Chapter Seven (Edited 08/2021)

610 50 10
                                    

I don't really know what I expected from a ghost hunter nerd, but ParaNorman wasn't it.

He seemed to have no qualms about entering a stranger's house, and immediately set up his fancy technology.

I don't even know where he got half of the stuff. I've never been to the ghost hunting side of Amazon before, but a lot of his things looked super expensive. I didn't dare touch it. With my luck, I'd break it. But he immediately started walking around with a small handheld device that beeped with ranging speed.
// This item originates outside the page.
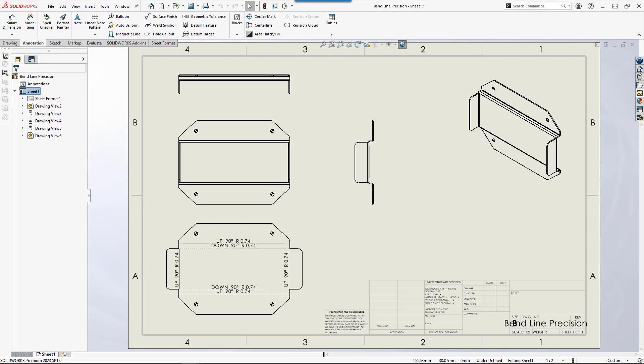Hello and welcome back to the GO Engineer YouTube channel. My name is Zach Brown. I am a senior tech support engineer here at GO Engineer. In today's video I will quickly show you how to change the decimal precision of sheet metal bend line notes.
"What's that?" I finally managed to ask, and when he turned around, I knew I had made a mistake. The light in his eyes shone so bright I wanted to squint. I was in for a super in depth discussion.

"This, my dear Watson," he began and I had to stifle a sigh. "Is an EVP device. It records paranormal activity." He chattered happily as he walked around the house, and I meekly followed. If he noticed my apparent unease talking to a stranger, he didn't comment. I was doing this for the kids. It didn't matter how uncomfortable I was. If this guy thought he could handle it, I'd be uncomfortable as long as it took.

I didn't even have to worry about making conversation. He talked enough for the both of us. Each item he removed from his bag he gave me a not-so-brief description of, and what it did. He walked the house over and over again, but always seemed to hover in mine and Lilly's rooms. Every one of his devices, never mind how accurate they worked, had some sort of reaction. The basement also had a small flicker, but Lilly's room was the strongest.

"Is this the room of the girl who messaged us first?" He had asked when we walked in the first time. The little box went crazy, beeping up a storm. He looked a little taken aback, but excited. This must have been the first time he actually had any luck in the paranormal hunting experience. He still knew more than me though, so I took what I could get.

"No, actually," I said, my eyes on the small bedside table that housed Lilly's favorite stuffed animal. "This is her little sister's room, the one with the imaginary friend." I had told him the basics of the issues we were having.

"Oh, that makes sense. It's the room with the most activity." He seemed intensely focused as he scoped the place out, trying to find an object Harly was attached to. But Lilly wasn't here, and nothing in her room really stirred up extra activity.

When he entered my room and the box began to beep erratically, I became confused. He walked around my room and I actually felt nervous about a man, despite his strange hobbies, looking at my things. I could only silently thank any gods listening that my underwear drawer didn't shoot off major ghost signals.

But my bedside table did.

He looked up at me with a question in his eyes. "Can I open this?" he asked, having the decency to ask a lady before snooping too in depth into her things. I nodded and watched as he opened the drawer, wondering what could be causing the signal to go off. From what I recall, the drawer was empty. I didn't have enough things to put inside a bedside table.

But when he pulled it out, I suddenly remembered my first day here, and the box I had hidden from Lilly for some crazy feeling of possession.

The small box I had never been able to open as a kid. The box my father never let me play with, always acting angry that I was touching it, and always hid it from me.

The box that Lilly had opened.

My mouth was agape, and when Norman turned to ask me a question, I suppose my face said it all.

I mean, it explained a lot. Lilly started talking to Harly the night the box was opened, I had that terrible nightmare of a voice calling my name and then going to her room instead. Then suddenly, there Harly was.